Yes, I'm thinking of selling my MC and buying at the Hilton - especially considering the developer prices on 57th Street!  I would appreciate any feedback - positive and negative - about how the owners feel.  I got very little information by doing a search altho the reviews seem pretty positive.

Am am very grateful for any feedback. I don't want to make a mistake twice!  Many thanks!


----------



## lynne (Dec 30, 2007)

*Manhattan Club Reservations*

I am one of the original owners at Manhattan Club and prior to the past two years, we were always able to reserve time without any problems.  We never needed a full week and always reserved a few days here and there.  My thoughts are that as the project sells out, the reservation process becomes more difficult.   I would think that the same applies to any timeshare.  

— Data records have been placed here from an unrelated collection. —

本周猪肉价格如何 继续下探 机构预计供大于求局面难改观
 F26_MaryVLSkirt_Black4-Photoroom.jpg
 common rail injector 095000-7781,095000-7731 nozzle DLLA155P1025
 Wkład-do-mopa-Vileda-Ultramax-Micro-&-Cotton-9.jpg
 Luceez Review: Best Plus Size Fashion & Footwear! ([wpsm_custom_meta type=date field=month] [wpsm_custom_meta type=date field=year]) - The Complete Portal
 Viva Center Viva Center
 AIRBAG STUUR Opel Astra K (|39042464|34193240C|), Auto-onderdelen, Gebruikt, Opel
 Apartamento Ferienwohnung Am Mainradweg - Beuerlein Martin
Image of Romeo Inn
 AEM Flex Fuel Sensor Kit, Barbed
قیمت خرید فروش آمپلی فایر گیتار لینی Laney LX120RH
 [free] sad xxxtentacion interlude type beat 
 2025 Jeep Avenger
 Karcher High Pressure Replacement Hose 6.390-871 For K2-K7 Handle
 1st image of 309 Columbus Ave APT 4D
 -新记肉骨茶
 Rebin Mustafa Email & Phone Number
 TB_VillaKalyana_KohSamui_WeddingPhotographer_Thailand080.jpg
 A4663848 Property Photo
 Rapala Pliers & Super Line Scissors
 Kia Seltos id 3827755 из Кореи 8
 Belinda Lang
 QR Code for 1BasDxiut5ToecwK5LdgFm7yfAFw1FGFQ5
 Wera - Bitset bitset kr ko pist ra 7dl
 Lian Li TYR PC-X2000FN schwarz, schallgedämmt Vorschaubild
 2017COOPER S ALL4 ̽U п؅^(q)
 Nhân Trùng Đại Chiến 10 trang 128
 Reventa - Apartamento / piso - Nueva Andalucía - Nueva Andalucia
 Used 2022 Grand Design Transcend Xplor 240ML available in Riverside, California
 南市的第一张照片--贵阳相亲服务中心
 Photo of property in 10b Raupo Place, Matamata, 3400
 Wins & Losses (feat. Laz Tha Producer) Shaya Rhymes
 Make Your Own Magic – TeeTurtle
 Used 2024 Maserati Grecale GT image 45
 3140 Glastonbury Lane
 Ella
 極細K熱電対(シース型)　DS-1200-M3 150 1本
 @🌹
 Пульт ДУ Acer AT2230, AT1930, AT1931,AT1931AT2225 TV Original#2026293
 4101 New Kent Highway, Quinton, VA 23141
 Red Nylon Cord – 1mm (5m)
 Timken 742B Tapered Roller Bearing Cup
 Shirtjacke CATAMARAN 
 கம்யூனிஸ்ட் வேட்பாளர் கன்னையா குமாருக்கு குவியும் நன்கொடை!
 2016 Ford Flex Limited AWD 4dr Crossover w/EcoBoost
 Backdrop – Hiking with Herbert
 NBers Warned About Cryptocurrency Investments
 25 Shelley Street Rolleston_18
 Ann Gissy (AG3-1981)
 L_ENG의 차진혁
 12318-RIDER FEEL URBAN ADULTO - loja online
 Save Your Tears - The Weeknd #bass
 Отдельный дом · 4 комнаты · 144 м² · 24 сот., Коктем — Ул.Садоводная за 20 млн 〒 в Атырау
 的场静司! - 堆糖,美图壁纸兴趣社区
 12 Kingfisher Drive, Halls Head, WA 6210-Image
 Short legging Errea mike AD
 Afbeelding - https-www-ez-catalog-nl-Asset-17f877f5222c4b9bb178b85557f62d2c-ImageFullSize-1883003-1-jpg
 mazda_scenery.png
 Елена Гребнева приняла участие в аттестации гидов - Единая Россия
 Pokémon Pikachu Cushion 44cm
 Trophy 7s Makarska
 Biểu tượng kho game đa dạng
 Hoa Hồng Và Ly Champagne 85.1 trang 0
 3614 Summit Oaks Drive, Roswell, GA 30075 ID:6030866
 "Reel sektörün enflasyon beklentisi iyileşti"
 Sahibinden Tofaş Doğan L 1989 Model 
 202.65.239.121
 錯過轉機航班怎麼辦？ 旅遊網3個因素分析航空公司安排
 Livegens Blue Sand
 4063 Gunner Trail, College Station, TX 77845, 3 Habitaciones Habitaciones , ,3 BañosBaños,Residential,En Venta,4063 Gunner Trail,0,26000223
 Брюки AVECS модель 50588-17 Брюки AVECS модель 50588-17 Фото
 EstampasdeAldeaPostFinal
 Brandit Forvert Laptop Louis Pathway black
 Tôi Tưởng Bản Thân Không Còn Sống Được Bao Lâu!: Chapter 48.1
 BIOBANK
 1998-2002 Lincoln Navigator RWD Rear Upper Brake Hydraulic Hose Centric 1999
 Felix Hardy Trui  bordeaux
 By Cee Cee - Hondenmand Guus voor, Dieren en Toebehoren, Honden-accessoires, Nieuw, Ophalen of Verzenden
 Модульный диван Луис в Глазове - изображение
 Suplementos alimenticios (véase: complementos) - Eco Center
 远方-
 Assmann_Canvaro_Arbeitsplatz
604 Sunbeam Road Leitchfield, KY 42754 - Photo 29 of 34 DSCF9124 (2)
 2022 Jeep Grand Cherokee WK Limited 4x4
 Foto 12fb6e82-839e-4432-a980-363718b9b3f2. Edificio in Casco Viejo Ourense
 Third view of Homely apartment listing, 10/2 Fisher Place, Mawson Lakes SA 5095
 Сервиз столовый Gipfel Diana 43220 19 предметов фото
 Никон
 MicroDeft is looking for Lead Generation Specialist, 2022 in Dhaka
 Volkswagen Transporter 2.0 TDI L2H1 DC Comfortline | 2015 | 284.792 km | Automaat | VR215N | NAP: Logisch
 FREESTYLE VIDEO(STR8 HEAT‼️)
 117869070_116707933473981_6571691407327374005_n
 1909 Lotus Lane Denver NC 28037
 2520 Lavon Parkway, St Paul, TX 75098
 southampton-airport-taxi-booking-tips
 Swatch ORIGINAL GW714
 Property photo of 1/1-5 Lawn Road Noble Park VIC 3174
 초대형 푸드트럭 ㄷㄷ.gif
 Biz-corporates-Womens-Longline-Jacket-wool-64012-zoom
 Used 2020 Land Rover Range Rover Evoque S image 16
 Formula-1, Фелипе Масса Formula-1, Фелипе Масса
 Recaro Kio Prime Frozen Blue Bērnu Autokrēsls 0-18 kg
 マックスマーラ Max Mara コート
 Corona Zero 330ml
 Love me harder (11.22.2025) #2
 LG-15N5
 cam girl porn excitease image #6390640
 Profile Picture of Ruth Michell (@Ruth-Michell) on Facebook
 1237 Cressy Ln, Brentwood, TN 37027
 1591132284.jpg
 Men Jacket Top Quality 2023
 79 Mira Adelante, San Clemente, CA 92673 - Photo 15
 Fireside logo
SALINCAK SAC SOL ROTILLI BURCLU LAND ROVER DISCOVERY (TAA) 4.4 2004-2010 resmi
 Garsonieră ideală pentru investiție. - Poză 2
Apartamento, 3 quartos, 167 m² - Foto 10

We stayed at Manhattan Club this past May for a few days and had one of the renovated rooms.  It worked out fine for us.  When we lived in NY, one of the best features was the use of the owner's lounge at any time.  We were able to go to the lounge to relax as well as use the restrooms when we had appointments in Manhattan without having to find a place to 'hang out' for an hour here and there.  It is also very centrally located to our friends and family.  

Since we moved, we do not know if we will continue to need this timeshare any longer as we will more likely stay with family on Long Island.  It was a very good investment for us during the time we lived in NY.


----------



## Cathyb (Dec 30, 2007)

lynne:  First 'aloha' and just a comment on when we were at Manhattan Club almost 2 yrs ago. We must have had an unrefurbished unit as our window coverings were slightly broken and hanging down  -- when we looked out our viewless window at the other units we could see similar draperies hanging crooked; and some other items I can't remember now that did not indicate a 5* timeshare to us or at least a very tired one.  In spite of that, we also loved the location and would stay there for that reason only.


----------



## stevens397 (Jan 3, 2008)

Bump

Are there really no Hilton Club members on this site???


----------



## ricoba (Jan 3, 2008)

stevens397 said:


> Bump
> 
> Are there really no Hilton Club members on this site???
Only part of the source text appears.